After this unhappy event, the Dutch concentrated on organising their trade with the East Indian spice islands. It took more than three decades before the Dutch again undertook action to expel the Portuguese who had arrived some 150 years earlier and were firmly established on the island. After many bloody wars with the Portuguese, King Rajasingha II became convinced that lasting peace with the Portuguese was not possible and he invited the Dutch to force them off the island. At that time the Dutch were still at war with Portugal, which was in a personal union with Spain. The Dutch Council of the Indies in Batavia (Dutch East India) complied with this request and in 1637 sent four ships to the island under Captain Jan Thijssen Payart who signed a treaty with the King. On 4 January 1638 a decisive sea engagement took place off the coast of Goa between Portuguese and Dutch naval forces. The Portuguese fleet was decimated following this battle and the victorious Dutch Admiral Adam Westerwolt (1580–1639) decided to attack the Portuguese fort at Batticaloa on Ceylon with a fleet of five ships and 800 men. In coalition with strong Singhalese forces, he conquered the fort on 18 May 1638.

Five days later, following this victorious conquest, Westerwolt in the name of the States General, Prince Frederik Hendrik and the Dutch East India Company agreed to a new Treaty with King Rajasingha in his Palace in Batticaloa. The Treaty was a landmark and set the tone for future relations between the Kandyan Kings and the Dutch. Under the Treaty the Dutch were to have a monopoly over all trades except elephants. The forts captured from the Portuguese would be garrisoned by the Dutch or demolished, as the King thought fit. The crucial clause ‘as the King thought fit’ was however only included in the Sinhala and not in the Dutch text of the Treaty. This later gave rise to much disagreement between the two parties. The same goes for the clause stating that the King would pay any expenses incurred by the Dutch in the war effort against the Portuguese.

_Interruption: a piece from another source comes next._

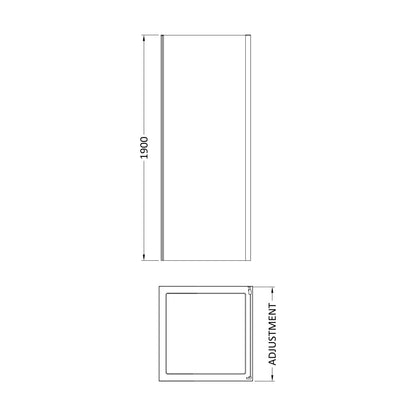 [BEETSP10] 1900 x 1000mm Side Panel - Technical Drawing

Slowly but surely, the Dutch land and naval forces continued to oust the Portuguese from parts of Ceylon. In February 1640, the Portuguese fort of Negombo, a short distance North of Colombo was captured by Philip Lucasz. Following his sudden death, the command was devolved to the capable Willem Jacobsz Coster who earlier fought under Admiral Westerwolt on the east coast. Against overwhelming odds he besieged the strong fort at Galle. After storming the city on 13 March 1640, he became master of it within a few hours. For the next 18 years, Galle would remain the centre of Dutch power in Ceylon.

Dutch Ceylon (1664–1795)
The Portuguese who arrived in Sri Lanka at the beginning of the 16th century were able to establish their power in many areas of the Maritime Provinces of the island. As the Portuguese who captured the Maritime Provinces invaded the Kandyan Kingdom with the intention of conquering that Kingdom too.

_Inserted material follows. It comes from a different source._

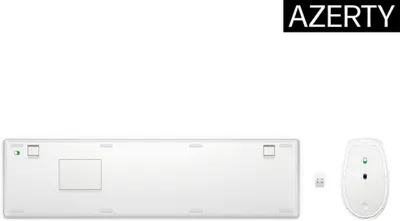 Produktbild von HP 650 Wireless-Tastatur und -Maus, Kabellos, RF Wireless, Membran Key Switch, QWERTY, Weiß, Maus enthalten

Kandyan kings took steps to obtain the assistance of the Dutch in order to expel the Portuguese from this country. About a century after the arrival of the Portuguese, the Dutch too came to Asia in order to obtain trading commodities. The Dutch had established a strong trading company called the United East Indian Company (VOC) in order to implement their trading activities effectively and systematically. This trading company had undertaken trading activities and the expansion of the political power of the Dutch in Asia. Until the arrival of the Dutch in Asia, the Portuguese did not face any threat from the European nation for about a period of century. But with the arrival of the Dutch conflicts began between the two powers in Asia with regard to their commercial interests. In this situation, the Kandyan kings attempted to obtain the assistance of the Dutch to expel the Portuguese from Sri Lanka. By this unit is expected to study the relations between the Kandyan Kingdom and the Dutch and also the nature of the socio–economic and cultural impact of the Dutch rule.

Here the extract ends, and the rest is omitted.